Here’s the remedy. We need to repent. We have in view here not only John 17, but the whole epistle of 1 John, which challenges us: how can we love God whom we don’t see when we don’t love our brother whom we do see? Failure to love our brother (we are to love our neighbor, even our enemy; think of the parable of the good Samaritan), especially those who are our fellow Reformed and Presbyterian brothers (the nearest to us, next to our own communions), is a sad and singular failure. We should love all fellow Christians and those most particularly with whom we share the same biblical and theological convictions.

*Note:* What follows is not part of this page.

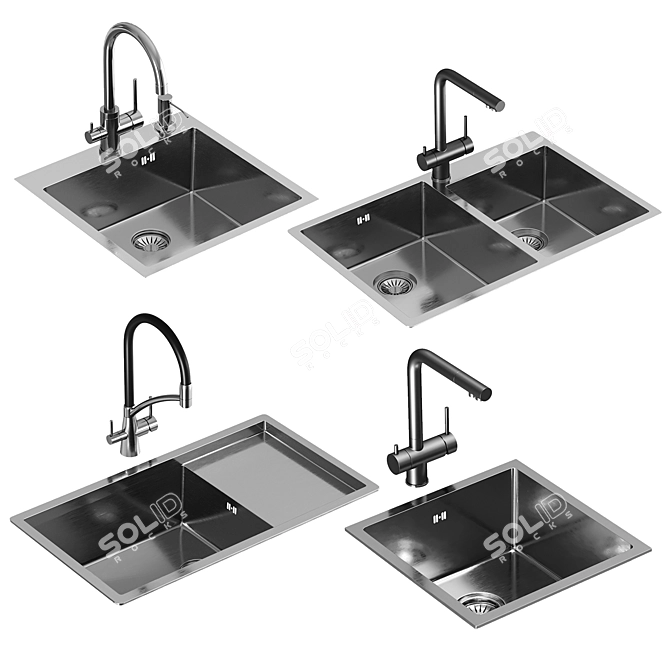 Kitchen Sink Set & Faucets 3D model image 1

We fail in this when we are apathetic or even hostile to our brothers and sisters in fellow Reformed and Presbyterian churches. Perhaps this manifests itself by us simply not caring to reach out beyond our own communions (why should I love or care for Christians outside my congregation or federation/denomination?) or by having a party spirit (the OPC is simply the best and the rest of you are seriously lacking). In short, pride, complacency, or even sometimes envy, cause us to lack in love toward each other.

We often simply fail to take seriously the ecumenical imperative of John 17. Things are fine, and we need not strive for more unity than we already have as believers in Christ. This is especially true as to the visible church—it’s easy to downplay the significance of such visible unity. But we witness to the world that we love Jesus and each other as we have more and more unity in the visible church. One of the great strengths of the early church was its clear witness to a watching world: “see how they love one another,” was the common refrain of unbelievers observing Christians. Should we not strive for this in our own times?

Over the course of decades, that witness of the ancient church so impressed the pagan world that when the Decian persecution came in AD 250, the old canard going back to Nero’s time that the Christians were “haters of mankind” received no credence. This is because everyone saw how loving the Christians were, even to non-Christians, whether helping them in need or saving exposed babies (the call for such being seen in the Didache and elsewhere). What a witness true ecumenicity can be when we show that we love each other with a love that spills over into all the population about us. The more that we are one, the more loving we are to one another as well as to the strangers among us. Hearts of love for each other manifest good to the household of faith and to all with whom we have to do.

Visible unity glorifies God and edifies us. Think about this: how long can we afford to remain apart in the current cultural climate? Because we have unity in the invisible church, as I mentioned above, perhaps we are complacent about it in the visible church. But we should be no more complacent about this than we are about our sanctification. Our Lord’s call to sanctification merits our serious regular attention. So does his call to unity in the body: it merits our most strenuous efforts. Even as we need to strive more to love those within our own communions, we must strive to love each other across denominational and federational lines. This reflects more properly what Christ’s body in this world is. If we choose not to concern ourselves with organizational unity, we fail to take seriously our Lord’s imperative to manifest the unity that we truly have in him.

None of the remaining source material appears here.